Haitians Demand Newspaper Blankets
In your musk-scented Monday media column: A use found for print media, the Harper's editor firing saga continues, small stakes mean big arguments in journalism academia, and Howell Raines returns.
Military paper Stars and Stripes is finally delivering copies to the troops stationed in Haiti. If Haitians can use these papers to construct some sort of crude blanket, they will be the most useful print newspapers on the face of the earth.
Further word on last week's abrupt firing of Roger Hodge as Harper's Magazine editor: Everybody's a little scared of publisher Rick MacArthur, who fired Hodge and now seems to be the grand and only god of Harper's, and accordingly it seems that the majority of the staff is leaking snippy little things to the media (hello!), so today's NYT follow-up story is rife with backhanded insinuations that MacArthur is kind of unstable, as well as dumb. To both sides in this mildly alarming interoffice feud: We're here to listen.

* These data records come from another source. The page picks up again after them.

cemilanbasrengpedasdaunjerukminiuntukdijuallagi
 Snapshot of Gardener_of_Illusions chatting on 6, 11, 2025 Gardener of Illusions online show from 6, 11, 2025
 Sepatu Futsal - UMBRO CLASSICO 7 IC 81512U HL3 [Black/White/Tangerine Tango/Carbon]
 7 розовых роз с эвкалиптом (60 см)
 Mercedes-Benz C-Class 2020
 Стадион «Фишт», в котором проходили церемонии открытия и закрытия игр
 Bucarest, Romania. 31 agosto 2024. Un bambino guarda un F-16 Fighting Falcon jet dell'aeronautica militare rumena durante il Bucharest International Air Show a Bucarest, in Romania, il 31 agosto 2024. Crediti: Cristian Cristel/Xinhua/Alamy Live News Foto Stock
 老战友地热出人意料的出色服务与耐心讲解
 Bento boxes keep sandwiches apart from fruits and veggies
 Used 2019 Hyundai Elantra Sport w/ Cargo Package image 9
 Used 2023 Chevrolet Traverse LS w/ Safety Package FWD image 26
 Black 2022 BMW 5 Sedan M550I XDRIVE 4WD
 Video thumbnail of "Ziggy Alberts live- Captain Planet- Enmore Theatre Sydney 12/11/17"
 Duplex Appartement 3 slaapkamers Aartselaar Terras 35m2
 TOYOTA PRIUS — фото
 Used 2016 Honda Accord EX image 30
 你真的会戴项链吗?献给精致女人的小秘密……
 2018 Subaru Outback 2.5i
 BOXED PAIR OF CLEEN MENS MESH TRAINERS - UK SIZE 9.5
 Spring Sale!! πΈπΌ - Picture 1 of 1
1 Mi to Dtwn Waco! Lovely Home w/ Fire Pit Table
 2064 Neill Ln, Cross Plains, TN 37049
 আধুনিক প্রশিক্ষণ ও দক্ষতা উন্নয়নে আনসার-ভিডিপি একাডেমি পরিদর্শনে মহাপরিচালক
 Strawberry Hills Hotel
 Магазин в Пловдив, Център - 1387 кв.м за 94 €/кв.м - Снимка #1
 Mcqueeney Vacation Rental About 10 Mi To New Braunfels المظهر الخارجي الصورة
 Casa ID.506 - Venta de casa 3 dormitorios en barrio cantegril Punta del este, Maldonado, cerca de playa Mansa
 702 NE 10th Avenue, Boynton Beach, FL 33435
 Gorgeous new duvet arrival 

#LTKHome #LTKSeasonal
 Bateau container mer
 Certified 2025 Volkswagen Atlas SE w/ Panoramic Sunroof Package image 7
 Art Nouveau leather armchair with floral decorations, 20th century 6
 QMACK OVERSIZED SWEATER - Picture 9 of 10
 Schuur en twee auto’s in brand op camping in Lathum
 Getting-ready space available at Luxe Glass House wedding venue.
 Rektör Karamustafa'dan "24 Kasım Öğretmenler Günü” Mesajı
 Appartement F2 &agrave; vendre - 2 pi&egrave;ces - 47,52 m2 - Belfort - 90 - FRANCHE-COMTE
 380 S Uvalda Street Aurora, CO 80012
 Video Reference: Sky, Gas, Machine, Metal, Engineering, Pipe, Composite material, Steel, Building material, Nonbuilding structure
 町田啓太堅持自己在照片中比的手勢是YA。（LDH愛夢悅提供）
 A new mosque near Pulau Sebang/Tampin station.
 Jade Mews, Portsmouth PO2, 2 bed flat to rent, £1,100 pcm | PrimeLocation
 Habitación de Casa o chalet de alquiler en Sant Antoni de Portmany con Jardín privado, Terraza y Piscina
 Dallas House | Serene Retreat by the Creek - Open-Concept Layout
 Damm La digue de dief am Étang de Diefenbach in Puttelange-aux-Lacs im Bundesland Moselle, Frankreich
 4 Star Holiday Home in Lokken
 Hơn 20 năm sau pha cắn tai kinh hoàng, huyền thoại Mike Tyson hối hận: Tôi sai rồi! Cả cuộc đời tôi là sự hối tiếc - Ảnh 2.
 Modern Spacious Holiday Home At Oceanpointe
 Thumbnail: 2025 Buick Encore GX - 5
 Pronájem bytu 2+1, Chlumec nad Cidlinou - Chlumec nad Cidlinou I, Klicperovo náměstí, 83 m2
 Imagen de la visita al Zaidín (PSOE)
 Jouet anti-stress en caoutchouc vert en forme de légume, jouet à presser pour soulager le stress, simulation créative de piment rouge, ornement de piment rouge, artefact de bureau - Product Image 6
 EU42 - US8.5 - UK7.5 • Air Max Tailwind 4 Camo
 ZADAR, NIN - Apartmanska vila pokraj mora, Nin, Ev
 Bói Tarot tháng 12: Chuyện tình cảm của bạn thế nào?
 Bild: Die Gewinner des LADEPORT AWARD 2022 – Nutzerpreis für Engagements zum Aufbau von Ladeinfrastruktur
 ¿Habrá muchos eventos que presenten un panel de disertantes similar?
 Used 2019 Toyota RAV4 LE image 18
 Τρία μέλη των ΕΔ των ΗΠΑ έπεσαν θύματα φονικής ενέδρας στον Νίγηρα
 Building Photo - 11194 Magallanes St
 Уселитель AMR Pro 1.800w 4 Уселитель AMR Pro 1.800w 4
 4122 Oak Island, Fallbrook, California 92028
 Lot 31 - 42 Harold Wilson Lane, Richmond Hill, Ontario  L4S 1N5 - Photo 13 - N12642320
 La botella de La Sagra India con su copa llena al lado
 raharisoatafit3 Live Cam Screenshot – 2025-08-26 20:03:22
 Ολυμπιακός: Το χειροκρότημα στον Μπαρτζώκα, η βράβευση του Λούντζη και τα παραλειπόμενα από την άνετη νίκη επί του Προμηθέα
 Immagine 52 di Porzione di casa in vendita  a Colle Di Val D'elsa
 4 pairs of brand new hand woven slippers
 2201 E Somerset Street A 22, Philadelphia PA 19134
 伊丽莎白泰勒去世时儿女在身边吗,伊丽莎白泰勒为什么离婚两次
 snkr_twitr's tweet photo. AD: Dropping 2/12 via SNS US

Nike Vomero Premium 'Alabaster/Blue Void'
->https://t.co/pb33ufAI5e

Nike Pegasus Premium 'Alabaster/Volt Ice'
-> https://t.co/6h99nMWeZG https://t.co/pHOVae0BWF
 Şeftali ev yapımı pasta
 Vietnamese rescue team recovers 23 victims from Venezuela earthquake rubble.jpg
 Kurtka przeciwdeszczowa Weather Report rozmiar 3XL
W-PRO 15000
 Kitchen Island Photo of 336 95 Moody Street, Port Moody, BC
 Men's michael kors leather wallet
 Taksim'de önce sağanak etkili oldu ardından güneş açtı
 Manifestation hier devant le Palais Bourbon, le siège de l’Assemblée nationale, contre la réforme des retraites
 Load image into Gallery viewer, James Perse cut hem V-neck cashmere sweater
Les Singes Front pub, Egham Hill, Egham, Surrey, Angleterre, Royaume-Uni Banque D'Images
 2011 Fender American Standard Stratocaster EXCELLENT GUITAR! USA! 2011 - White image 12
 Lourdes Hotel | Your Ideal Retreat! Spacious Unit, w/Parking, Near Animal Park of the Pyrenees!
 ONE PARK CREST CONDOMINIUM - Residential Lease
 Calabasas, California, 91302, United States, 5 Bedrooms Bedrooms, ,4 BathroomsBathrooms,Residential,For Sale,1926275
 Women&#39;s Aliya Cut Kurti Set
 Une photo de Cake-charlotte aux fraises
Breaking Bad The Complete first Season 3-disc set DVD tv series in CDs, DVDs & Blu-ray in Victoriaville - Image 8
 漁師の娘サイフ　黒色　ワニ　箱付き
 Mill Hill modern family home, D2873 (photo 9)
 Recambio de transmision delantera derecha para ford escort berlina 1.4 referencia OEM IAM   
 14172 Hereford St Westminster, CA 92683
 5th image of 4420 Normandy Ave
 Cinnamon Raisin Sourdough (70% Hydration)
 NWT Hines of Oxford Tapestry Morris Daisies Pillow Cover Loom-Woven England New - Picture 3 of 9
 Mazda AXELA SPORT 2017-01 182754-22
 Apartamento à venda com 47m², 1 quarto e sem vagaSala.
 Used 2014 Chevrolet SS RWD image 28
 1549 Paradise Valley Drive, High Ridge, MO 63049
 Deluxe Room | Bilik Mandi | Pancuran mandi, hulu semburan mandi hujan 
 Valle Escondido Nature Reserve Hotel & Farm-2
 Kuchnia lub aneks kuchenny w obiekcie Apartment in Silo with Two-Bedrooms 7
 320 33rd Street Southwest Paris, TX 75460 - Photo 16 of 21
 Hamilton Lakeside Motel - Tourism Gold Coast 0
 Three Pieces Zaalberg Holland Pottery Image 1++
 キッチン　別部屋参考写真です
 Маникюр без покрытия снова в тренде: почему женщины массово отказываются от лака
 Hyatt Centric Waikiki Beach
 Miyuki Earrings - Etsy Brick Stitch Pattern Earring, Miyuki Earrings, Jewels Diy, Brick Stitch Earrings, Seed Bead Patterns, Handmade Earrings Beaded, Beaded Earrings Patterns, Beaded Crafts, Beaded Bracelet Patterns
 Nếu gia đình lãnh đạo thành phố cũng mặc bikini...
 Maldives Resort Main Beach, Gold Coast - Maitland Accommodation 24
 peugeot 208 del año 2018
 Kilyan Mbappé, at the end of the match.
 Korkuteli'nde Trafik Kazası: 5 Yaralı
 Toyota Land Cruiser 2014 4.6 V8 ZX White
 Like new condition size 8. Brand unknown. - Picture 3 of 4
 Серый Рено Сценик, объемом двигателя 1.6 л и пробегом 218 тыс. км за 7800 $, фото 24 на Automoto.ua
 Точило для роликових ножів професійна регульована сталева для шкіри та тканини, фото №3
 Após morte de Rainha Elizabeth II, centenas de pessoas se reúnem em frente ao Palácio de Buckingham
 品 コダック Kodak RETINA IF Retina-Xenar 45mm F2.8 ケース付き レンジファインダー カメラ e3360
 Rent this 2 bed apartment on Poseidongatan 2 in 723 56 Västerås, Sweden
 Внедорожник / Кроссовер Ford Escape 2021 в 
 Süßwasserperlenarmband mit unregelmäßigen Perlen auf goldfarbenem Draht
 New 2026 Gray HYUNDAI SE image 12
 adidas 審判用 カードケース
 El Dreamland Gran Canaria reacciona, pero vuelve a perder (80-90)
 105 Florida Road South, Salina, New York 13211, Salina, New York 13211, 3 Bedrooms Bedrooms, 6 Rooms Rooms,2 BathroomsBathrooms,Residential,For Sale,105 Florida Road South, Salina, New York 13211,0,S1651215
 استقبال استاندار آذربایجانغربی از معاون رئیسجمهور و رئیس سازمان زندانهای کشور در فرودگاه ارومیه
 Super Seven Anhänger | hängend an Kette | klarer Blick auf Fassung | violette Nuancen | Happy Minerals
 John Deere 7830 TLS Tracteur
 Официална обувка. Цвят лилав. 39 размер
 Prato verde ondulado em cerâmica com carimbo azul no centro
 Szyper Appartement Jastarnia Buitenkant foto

Our reading of this incredibly long piece on the case of a J-school professor's disputed tenure hearings is that it's a case of the age-old question in academia: Which is more important, being a good teacher or not being an asshole in the teacher's lounge? The answer, of course, is it's more important to have the undergrads think you're "Cute."
Today's notable NYT op-ed contributor: Howell Raines, making his first(?) appearance as a writer for the paper since the whole unpleasant "You're fired as the top editor of the NYT, Howell" business. His piece is about the Greensboro sit-ins, which makes it hard to criticize. Can Andy Rosenthal still be trusted?